Nearly forty years after their heroism, the men of the Blackhorse Regiment have been given one the nation's highest honors.
At the White House today, President Barack Obama gave the Presidential Unit Citation to the Vietnam-era veterans of Alpha Troop, 1st Squadron, 11th Armored Cavalry, for their actions during what came to be known as "the anonymous battle" on March 26, 1970.
"Troopers, you are not anonymous anymore," Obama told the veterans who attended today's ceremony.
Army Times has described in detail what the men did. When the 200 men of "A Troop" learned that 80 to 100 other American soldiers were pinned down by the enemy in Vietnam's Tay Ninh Province, they volunteered to go to the rescue. It required hacking their way through four kilometers of jungle. Then, they attacked the North Vietnamese — driving them off. Two members of A Troop, Obama noted, died that day. Another 20 were wounded.

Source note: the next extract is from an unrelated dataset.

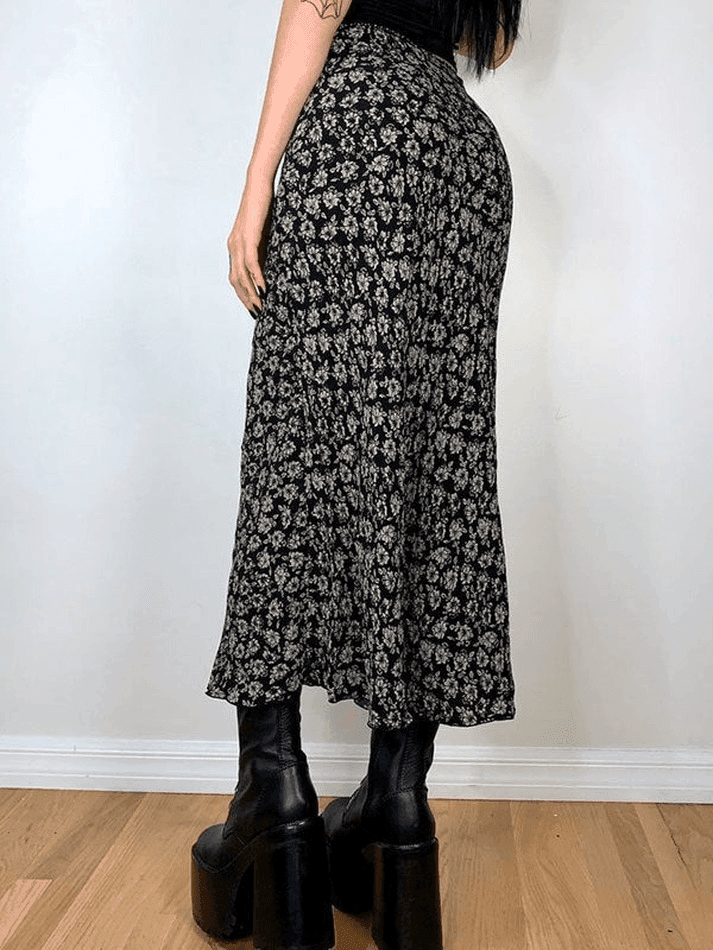 Floral Allover Midi Skirt - AnotherChill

"The choice, to me, was one of [the] certainty of suffering versus a lifetime of guilt," John Poindexter, who was Alpha Troop's captain that day, told Army Times. "It was a collective realization of what we were getting ourselves into, but the consequence was to see 100 men killed."
Army Times says it was Poindexter, after he learned that his men hadn't gotten their individual honors for bravery, who led the effort to get the unit citation.